Campi Flegrei Vigna Astroni 2015: alla Falanghina l’età si chiede eccome

In Campania e precisamente nella zona dei Campi Flegrei, dove il territorio si fa roccioso e si alterna – non senza fermento – a solfatare ed acque termali, parlando di vino bianco la regina è lei, la Falanghina. Forte e vulcanica come la terra che la alleva e se oggi decidiamo di incoronarla regina – e non più mesta Cenerentola da guardare dall’alto in basso – lo dobbiamo a chi ha saputo amarla al punto da saperla aspettare. Lasciandola maturare nel suo identikit che ricorda il tufo, lo iodio e la stessa cenere.
Campi Flegrei Vigna Astroni 2015 mi arriva in un calice del ristorante Caracol, a Capo Miseno, con tutto l’orgoglio del sommelier Giannantonio Scotto Di Vetta, professionista che di Falanghine âgées ne ha fatto una missione. Cantine degli Astroni si chiama così per sottolineare la sua stessa origine: praticamente è a ridosso dell’omonimo cratere che ha preso forma dalle eruzioni che hanno interessato quest’infuocata porzione di Campania.
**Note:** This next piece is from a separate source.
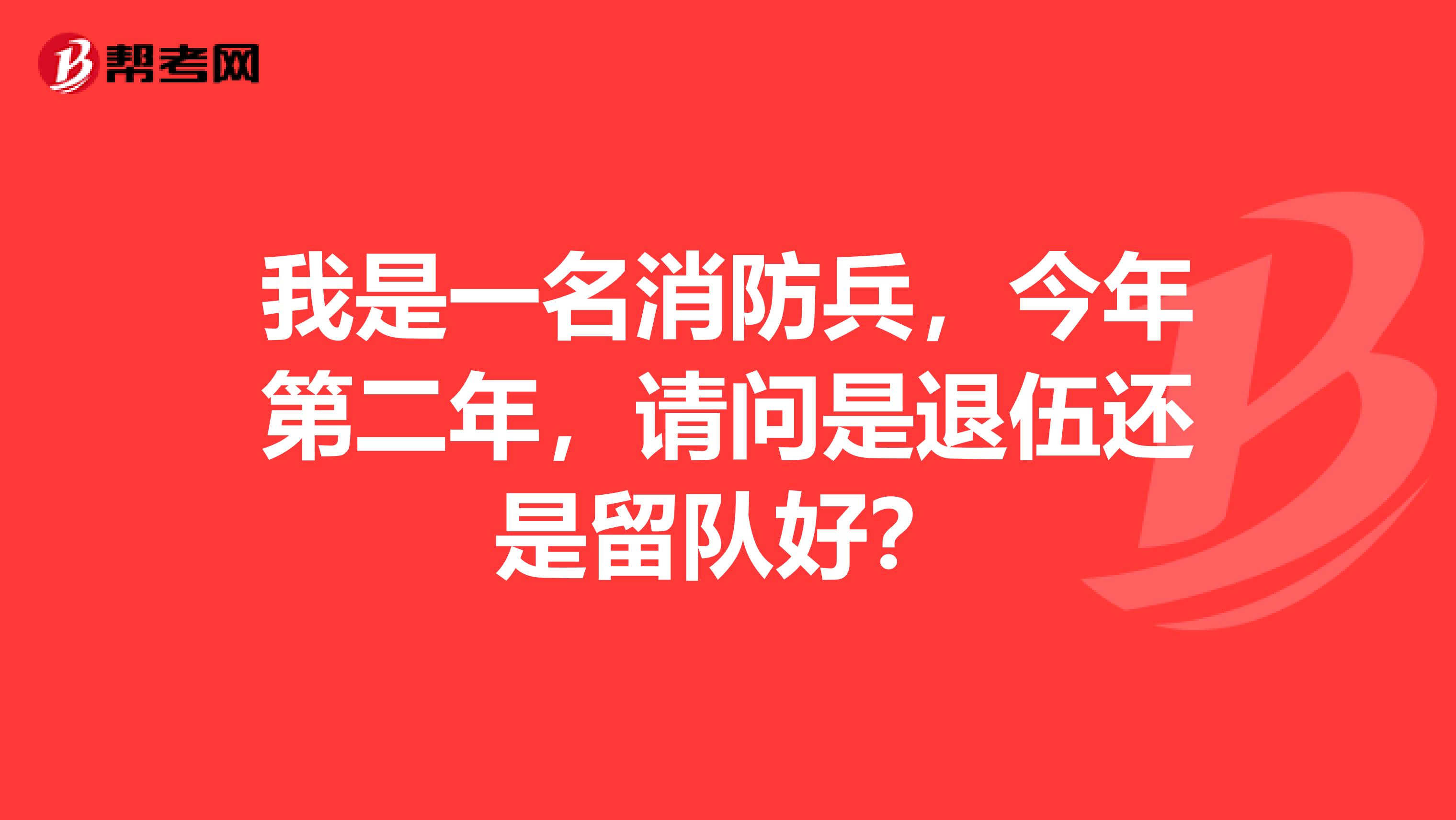 我是一名消防兵，今年第二年，请问是退伍还是留队好？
Venticinque ettari per la produzione di quattro vini – che poi sono singoli cru – e tra questi c’è Vigna Astroni Campi Flegrei DOP, da uve Falanghina in purezza. Affacciata a sud est, proprio a ridosso del cratere, all’interno di un vigneto ha trent’anni di età ed è interamente a piede franco. Occupato in prevalenza da piante di Falanghina, con una piccola parte di Piedirosso.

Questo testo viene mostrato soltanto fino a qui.